The application of judicial estoppel requires both that the position being asserted is directly contrary to the position previously asserted, and that the party succeeded in convincing the court to accept its prior position. Id. at 801-02. Here, there is no direct inconsistency in arguing that the Lottery is a necessary party to this dispute and arguing that once named as a defendant, the Lottery has viable defenses, including sovereign immunity. Moreover, the record does not reflect that the individual defendants successfully convinced the United States District Court to adopt its position; rather, BIS assented to dismissal of the federal action. Cf. Jarosz v. Palmer, 436 Mass. 526, 529 (2002); Tausevich v. Board of App. of Stoughton, 402 Mass. at 149 (dismissal of action by stipulation is not final judgment on merits entitled to preclusive effect). This Court, in its discretion, concludes that the Lottery is not estopped from now advancing the position that it is entitled to dismissal from this action based on sovereign immunity.

B. MERITS OF MOTION TO DISMISS

The Lottery has established that the complaint fails to state a claim against it for conspiracy to commit intentional interference with contract. It is well established that under the MTCA, a public employer cannot be sued for its employees’ intentionally tortious conduct. G.L.c. 258, §10(c); Nelson v. Salem State College, 446 Mass. at 537; Cachopa v. Town of Stoughton, 72 Mass.App.Ct. at 665. Thus, the Lottery is not liable to BIS for Cahill and Cavanagh’s interference with the pilot agreement or conspiracy to commit the tort of contractual interference. See Cachopa v. Town of Stoughton, 72 Mass.App.Ct. at 665; Howcraft v. City of Peabody, 51 Mass.App.Ct. at 596.
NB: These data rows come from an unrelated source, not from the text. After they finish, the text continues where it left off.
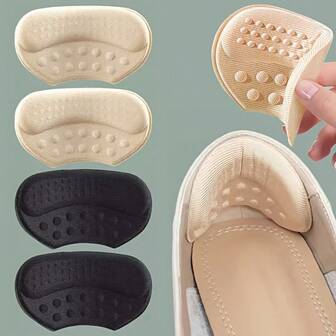 7pairs Self-Adhesive Insoles - Non-Slip, Suitable For High Heels, Sneakers And Large-Size Shoes, Non-Slip Shoe Accessories | Elastic Insoles | Durable Insoles, Women'S Shoe Liners, High Heel Protectors, Shoelace Tape, Women'S Heel Protectors, Sole Protectors, Shoe Grip, Non-Slip Insoles, Thin Insoles, Self-Adhesive Design, Non-Slip Surface, Breathable Fabric, Anti-Skid Pads, Shoe Inserts, Women'S Shoes, Fashion Footwear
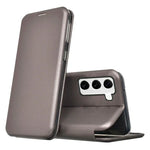 Funda COOL Flip Cover para Samsung S901 Galaxy S22 Elegance Plata - PixelPlaza
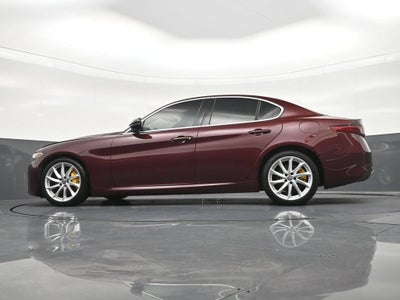 2019 Alfa Romeo Giulia 4DR SDN RWD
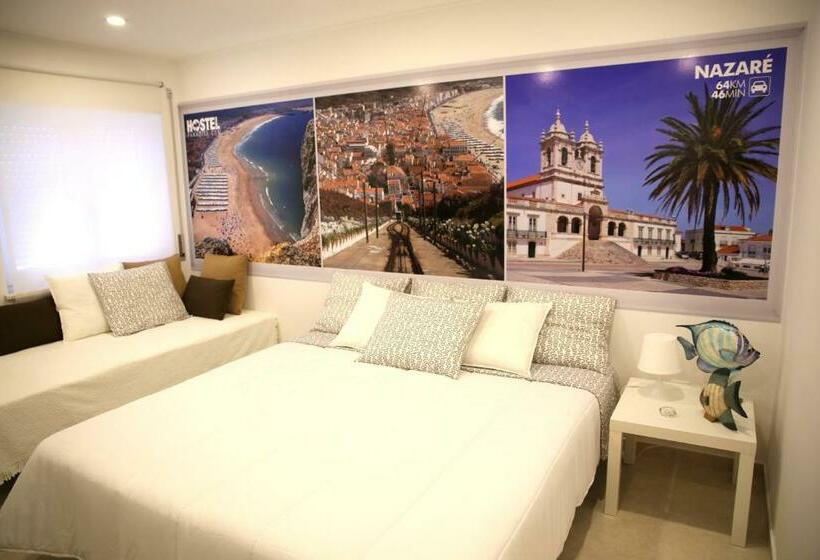 패밀리 룸, Zambeachouse   Hostel Paradise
Moreover, it appears that BIS’s claim against the Lottery fails due to lack of presentment. Pursuant to G.L.c. 258, §2, a condition precedent to suit against a public employer is the presentment of the claim in writing to the appropriate executive within two years after the date upon which the cause of action arose. Spring v. Geriatric Auth. of Holyoke, 394 Mass. 274, 283 (1985); Vasys v. Metropolitan District Comm'n, 387 Mass. 51, 55 (1982). The purpose of this requirement is to ensure that the officer with authority to settle the claim has an adequate opportunity to investigate the circumstances surrounding the claim and determine whether to offer a settlement. Lopez v. Lynn Housing Auth., 440 Mass. 1029, 1030 (2003). If presentment is not made in strict accordance with the statute, the plaintiffs complaint is subject to dismissal for failure to state a claim upon which relief can be granted. Spring v. Geriatric Auth. of Holyoke, 394 Mass. at 283; G&B Assoc., Inc. v. Springfield, 39 Mass.App.Ct. 51, 54 (1995). BIS does not appear to dispute the defendants’ assertion that no presentment was made. Accordingly, the Lottery is entitled to dismissal of the conspiracy claim against it.

ORDER

For the foregoing reasons, it is hereby ORDERED that Defendants Cahill and Cavanagh’s Motion to Dismiss be ALLOWED with respect to the claim for intentional interference with advantageous relations but is otherwise DENIED. It is further ORDERED that the Massachusetts State Lottery Commission’s Motion to Dismiss be ALLOWED.

Further, in contrast to the intentional interference and conspiracy claims alleged here, O’Malley involved a §1983 claim based on disciplining inmates without affording them proper procedural safeguards. See 415 Mass. at 134-35.